From 88a7eaed20940b26d5dd48f066f46b1bedbb4c43 Mon Sep 17 00:00:00 2001
From: MarcoGorelli <m.e.gorelli@gmail.com>
Date: Sat, 22 Feb 2020 17:20:14 +0000
Subject: [PATCH 5/5] simplify acc to Jeff's review

---
 pandas/core/groupby/generic.py | 27 ++++++---------------------
 1 file changed, 6 insertions(+), 21 deletions(-)

diff --git a/pandas/core/groupby/generic.py b/pandas/core/groupby/generic.py
index 61d3a3d5a4a77..1bb512aee39e2 100644
--- a/pandas/core/groupby/generic.py
+++ b/pandas/core/groupby/generic.py
@@ -591,33 +591,18 @@ def nunique(self, dropna: bool = True) -> Series:
 
         val = self.obj._internal_get_values()
 
-        def _object_sorter(val, ids):
-            val, _ = algorithms.factorize(val, sort=False)
-            sorter = np.lexsort((val, ids))
-            _isna = lambda a: a == -1
-            return val, sorter, _isna
-
-        if isna(val).any():
-            val, sorter, _isna = _object_sorter(val, ids)
-        else:
-            try:
-                sorter = np.lexsort((val, ids))

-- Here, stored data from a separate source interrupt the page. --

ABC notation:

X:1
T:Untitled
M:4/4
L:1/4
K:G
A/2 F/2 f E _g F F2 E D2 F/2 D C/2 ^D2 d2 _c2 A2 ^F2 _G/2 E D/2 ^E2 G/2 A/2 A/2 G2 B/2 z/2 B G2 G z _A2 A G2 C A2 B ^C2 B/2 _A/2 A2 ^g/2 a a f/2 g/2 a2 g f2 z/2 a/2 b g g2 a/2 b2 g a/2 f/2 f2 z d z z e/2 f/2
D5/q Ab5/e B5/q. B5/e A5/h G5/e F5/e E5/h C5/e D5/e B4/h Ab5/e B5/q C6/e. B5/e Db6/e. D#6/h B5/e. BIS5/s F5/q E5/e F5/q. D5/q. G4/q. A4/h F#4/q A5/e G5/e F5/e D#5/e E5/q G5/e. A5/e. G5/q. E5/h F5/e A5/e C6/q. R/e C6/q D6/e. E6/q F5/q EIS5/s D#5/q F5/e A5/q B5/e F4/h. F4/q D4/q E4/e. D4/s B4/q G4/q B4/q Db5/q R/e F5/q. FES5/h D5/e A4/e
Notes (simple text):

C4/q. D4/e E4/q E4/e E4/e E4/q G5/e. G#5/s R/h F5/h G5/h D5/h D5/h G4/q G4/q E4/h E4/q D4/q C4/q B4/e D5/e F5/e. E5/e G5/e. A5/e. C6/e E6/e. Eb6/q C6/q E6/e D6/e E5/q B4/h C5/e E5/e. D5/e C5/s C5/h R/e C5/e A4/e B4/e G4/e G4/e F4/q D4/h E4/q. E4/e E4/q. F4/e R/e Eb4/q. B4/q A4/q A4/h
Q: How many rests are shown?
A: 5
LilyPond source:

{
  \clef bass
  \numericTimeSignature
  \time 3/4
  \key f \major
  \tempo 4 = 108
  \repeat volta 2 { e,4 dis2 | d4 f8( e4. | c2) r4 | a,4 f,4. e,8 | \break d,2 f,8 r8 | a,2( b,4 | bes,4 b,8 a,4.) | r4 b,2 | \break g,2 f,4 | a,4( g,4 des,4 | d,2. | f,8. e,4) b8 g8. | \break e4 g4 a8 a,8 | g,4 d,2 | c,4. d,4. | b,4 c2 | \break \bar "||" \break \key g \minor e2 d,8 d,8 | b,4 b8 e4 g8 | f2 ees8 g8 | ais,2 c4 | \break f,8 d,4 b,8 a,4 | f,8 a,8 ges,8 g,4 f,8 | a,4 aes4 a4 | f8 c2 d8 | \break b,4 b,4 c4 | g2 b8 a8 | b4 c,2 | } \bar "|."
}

-            except TypeError:  # catches object dtypes
-                msg = f"val.dtype must be object, got {val.dtype}"
-                assert val.dtype == object, msg
-                val, sorter, _isna = _object_sorter(val, ids)
-            else:
-                _isna = isna
-
-        ids, val = ids[sorter], val[sorter]
+        codes, _ = algorithms.factorize(val, sort=False)
+        sorter = np.lexsort((codes, ids))
+        codes = codes[sorter]
+        ids = ids[sorter]
 
         # group boundaries are where group ids change
         # unique observations are where sorted values change
         idx = np.r_[0, 1 + np.nonzero(ids[1:] != ids[:-1])[0]]
-        inc = np.r_[1, val[1:] != val[:-1]]
+        inc = np.r_[1, codes[1:] != codes[:-1]]
 
         # 1st item of each group is a new unique observation
-        mask = _isna(val)
+        mask = codes == -1
         if dropna:
             inc[idx] = 1
             inc[mask] = 0